Missa do 25. dom. comum. Sabedoria 2,12.17-20; Tiago 3,16 – 4,3; Marcos 9,30-37.
Vivemos
quase que constantemente sob pressão e debaixo de muita cobrança. As pressões e
as cobranças geram em nós ansiedade, que nada mais é do que um sentimento de
ameaça: se não correspondermos ao que nos é exigido, perderemos nosso lugar no
mundo. E aí, como iremos sobreviver?
Jesus,
no Evangelho de hoje, questiona nossa correria diária, nossas angústias e
preocupações, a razão de ser de tanta ansiedade em nossa vida. Ao chegar em
casa com seus discípulos, Jesus lhes perguntou: “O que vocês estavam discutindo
pelo caminho?” (Mc 9,33). Mas os discípulos “ficaram calados, pois pelo caminho
tinham discutido quem era o maior” (Mc 9,34). Por que a preocupação em “ser o
maior”? No contexto do Evangelho, ela surgiu como uma reação ao fato de Jesus
tornar seus discípulos conscientes da sua morte de cruz.
Qual
é a preocupação principal na vida de cada um de nós? O que nos motiva a fazer
as coisas que fazemos? O que estamos buscando na vida? Para muitas pessoas, a
motivação principal em fazer o que fazem é a busca do prazer, o seu próprio bem
estar. Para elas, a vida só vale a pena se elas estão se sentindo bem, ainda
que esse “sentir-se bem” seja no âmbito restrito do individualismo, do egoísmo.

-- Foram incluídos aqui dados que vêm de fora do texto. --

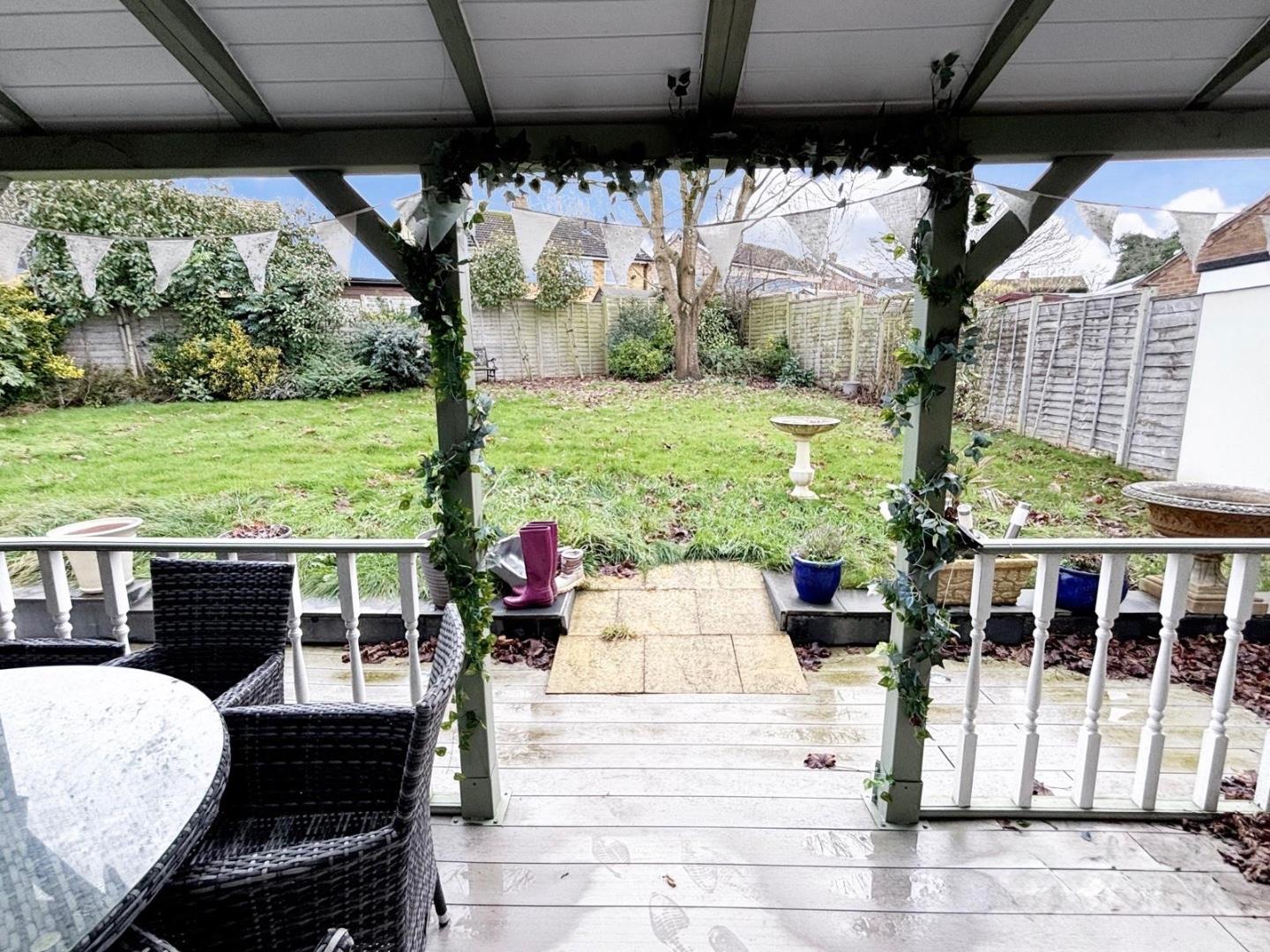 Pytchley Close, Brixworth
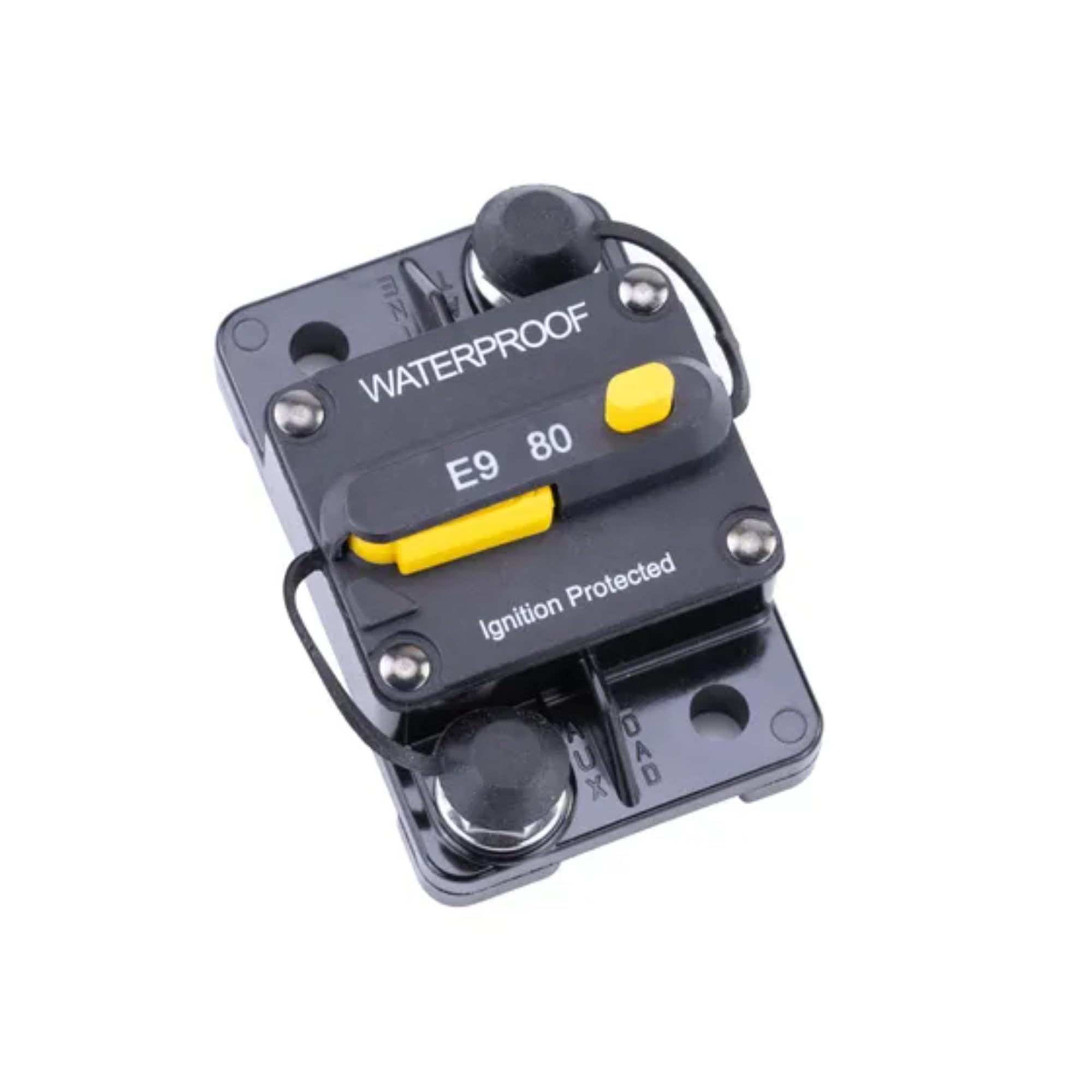 Sierra CB50560 Resettable Circuit Breaker, 60 Amps, Surface Mt.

Para outras pessoas, a motivação principal da vida é ser “o maior”, “o mais
importante”, tornar-se “a pessoa mais visível”, “sobressair-se” em relação aos
demais. E há um detalhe que precisa ser levado em conta aqui: tanto a pessoa
que busca o prazer (sentir-se bem) como aquela que busca sobressair-se em
relação às demais não suportam frustrações, isto é, não aceitam nenhum tipo de
cruz.
A
vida de Jesus nunca girou em torno do “sentir-se bem”, muito menos do
“sobressair-se” em relação aos outros. Para Jesus, o mais importante na vida
sempre foi ser fiel à razão que justificava a sua própria existência: Ele veio
para servir e para dar a vida em resgate por muitos (cf. Mc 10,45). Sua vida
foi uma vida para os outros, para uma causa, para uma tarefa que visava o bem
comum. Por isso, quando via pessoas correndo atrás de uma felicidade egoísta ou
de uma posição social superior à dos demais, Jesus apontava na direção
contrária, mostrando que ninguém se realiza fechando-se em si mesmo ou se colocando
acima dos outros; a nossa realização humana está em servir, em “viver para”, em
cuidarmos daquilo que está pedindo nossos cuidados.
Eis
porque Jesus, diante da preocupação dos discípulos em saber quem era o maior
dentre eles, toma uma criança, coloca-a no meio deles e a abraça (v.36). Na
época de Jesus, a criança era a pessoa mais desprezível da sociedade. Ela
simplesmente não contava, chegando até mesmo a ser ignorada. Hoje Jesus toma
aquela pessoa que nós mais ignoramos – o lixeiro; o catador de material
reciclável; a pessoa que limpa o prédio onde moramos; a “caixa”, o “entregador”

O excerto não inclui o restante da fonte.